* [WORK REQUEST]:
Your output should be exactly the lines from the one containing "#4203 1372 SEYMOUR, Vancouver, British" through the final line of the records, both included, with every picture left out.

DATASET RECORDS Block Start

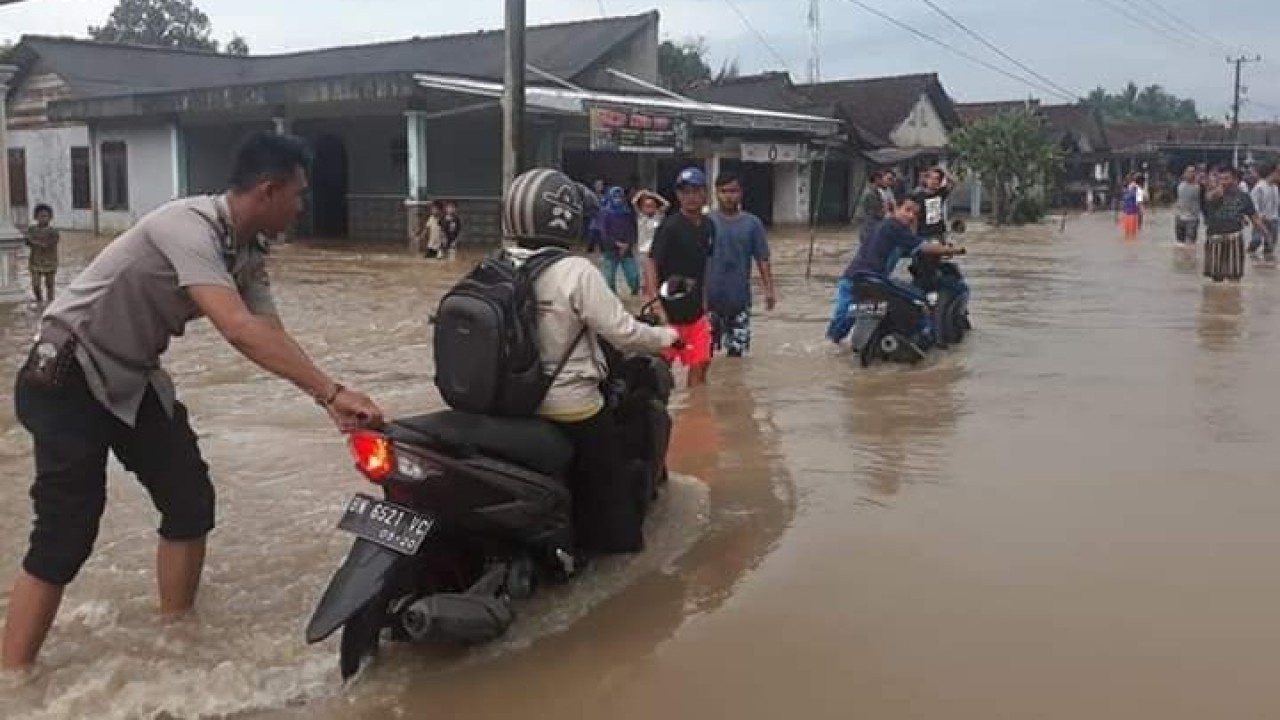 Curah hujan yang tinggi, mengakibatkan Banjir di Desa Delas, Kecamatan Air Gegas, Kabupaten Bangka Selatan, Sabtu, (08/12/2018).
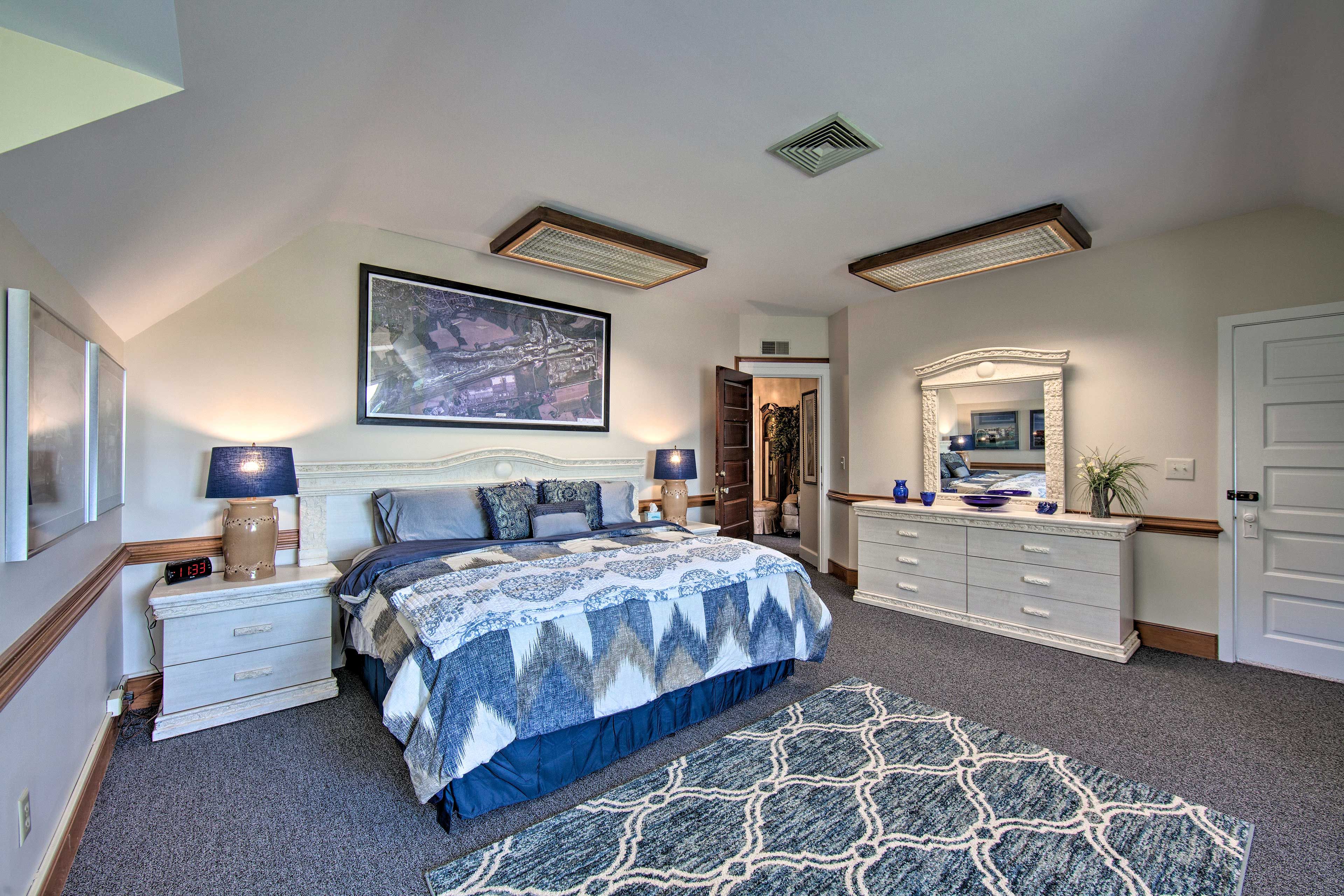 Bedroom 8 | Queen Bed | 3rd Floor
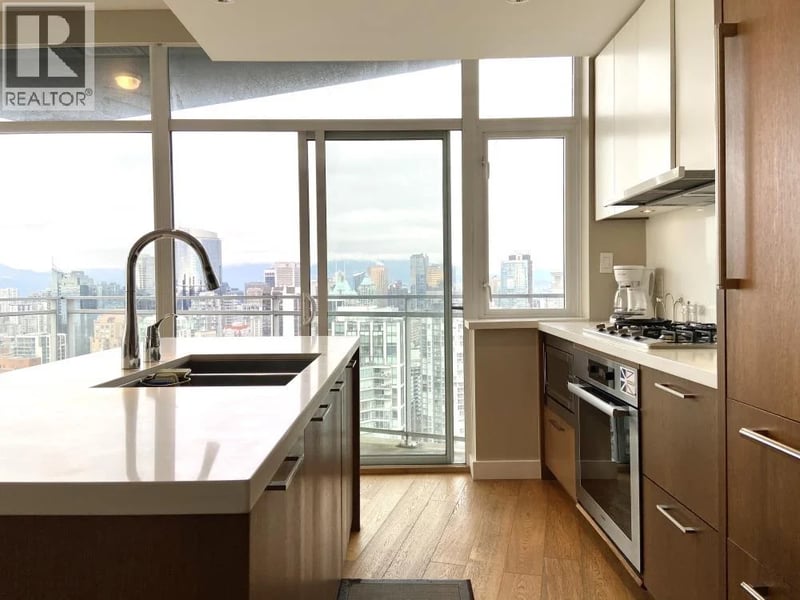 #4203 1372 SEYMOUR, Vancouver, British Columbia, V6B0L1, Vancouver, British Columbia — photo 1 of 5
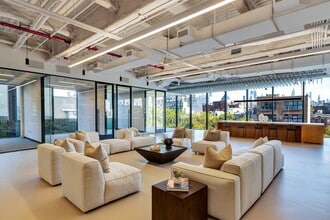 141 E Houston St, New York, NY à louer Photo intérieure– Image 2 sur 6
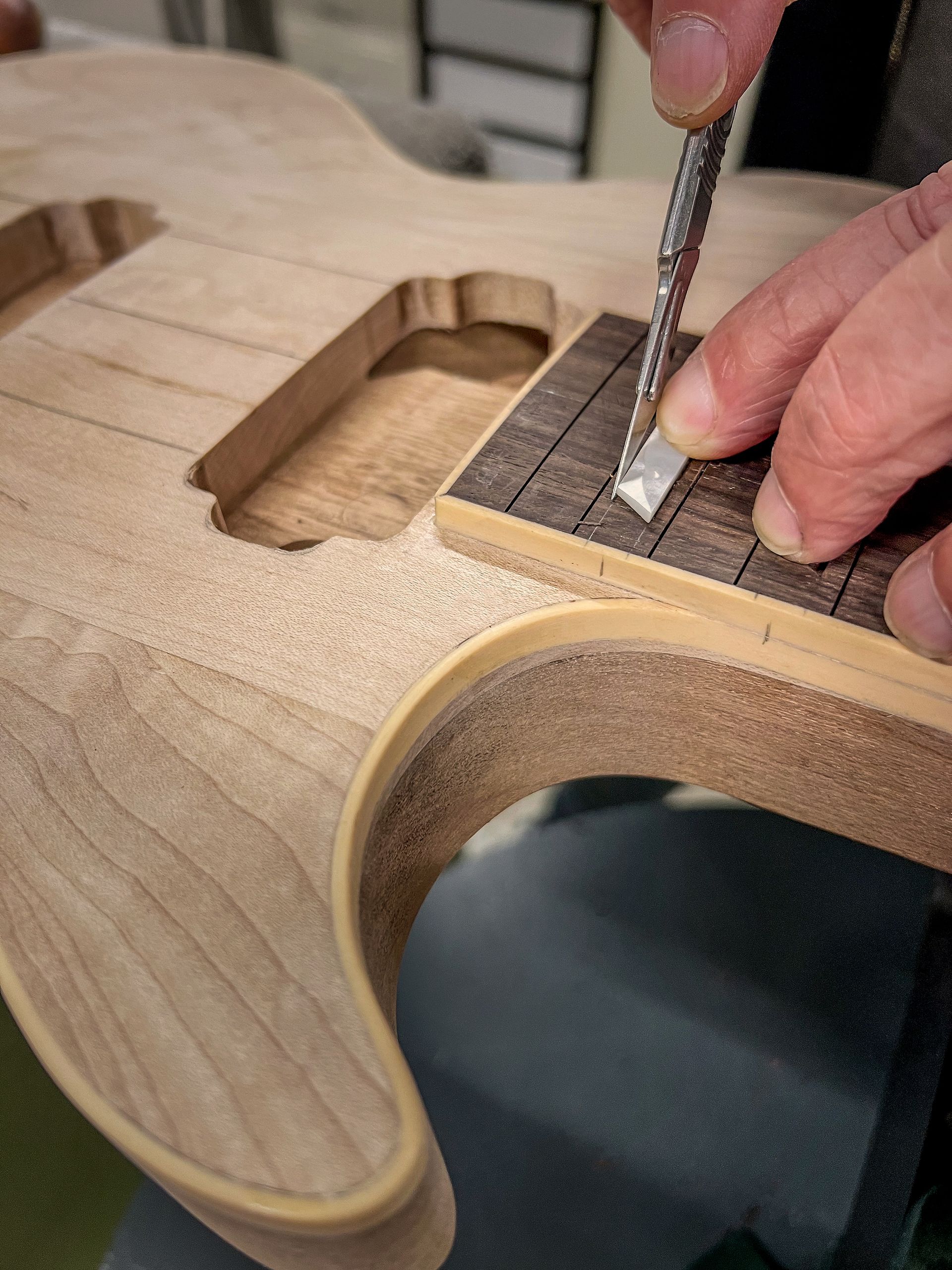 MOP inleg. Handgemaakte gitaar. Art of Noise Guitars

DATASET RECORDS Block End

* [ANSWER TO THE EXERCISE]:
 #4203 1372 SEYMOUR, Vancouver, British Columbia, V6B0L1, Vancouver, British Columbia — photo 1 of 5
 141 E Houston St, New York, NY à louer Photo intérieure– Image 2 sur 6
 MOP inleg. Handgemaakte gitaar. Art of Noise Guitars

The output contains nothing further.